Brasilien steckt derzeit in der schwersten Wirtschaftskrise seit Jahrzehnten. Arbeitslosenquote und Inflation sind hoch, die Wirtschaft des Landes ist 2015 um fast vier Prozent eingebrochen, Staatsschulden und Haushaltsdefizit haben Rekordhöhen erreicht. Zudem lähmt der Machtkampf um das Präsidentenamt das Land seit Monaten.

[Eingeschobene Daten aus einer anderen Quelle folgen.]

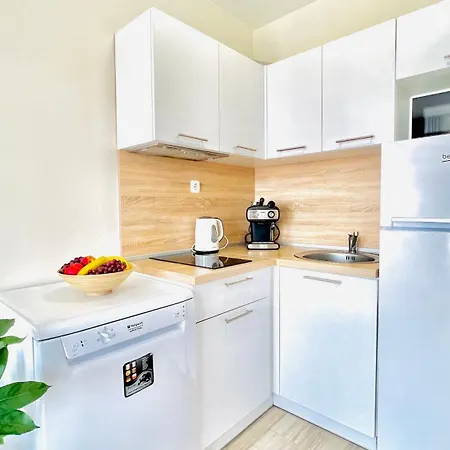 Attractive Family In Sunny Cascadas Family شقة *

Rouseff Die bisherige Staatschefin Dilma Rousseff von der linken Arbeiterpartei (PT) war vor zwei Wochen in einem verfassungsrechtlich höchst umstrittenen, politisch motivierten Amtsenthebungsverfahren vom Parlament vorläufig suspendiert worden. Ihr wird die Manipulierung des Staatshaushalts vorgeworfen.
Die Regierung von Übergangspräsident Michel Temer von der rechten Partei der Demokratischen Bewegung Brasiliens (PMDB) hat ein rigides Sparprogramm und Privatisierungen angekündigt, um das »Vertrauen der Märkte wiederherzustellen« und die malträtierte Wirtschaft wiederzubeleben. Kritiker befürchten hingegen einen Kahlschlag bei den zahlreichen Sozialprogrammen. Unmut rief auch hervor, dass weder Frauen noch Farbige dem neuen Kabinett »der weißen, alten Männer« angehören. Wenn auch ohne Ministerrang – der neue Zentralbankchef Ilan Goldfajn ist da keine Ausnahme.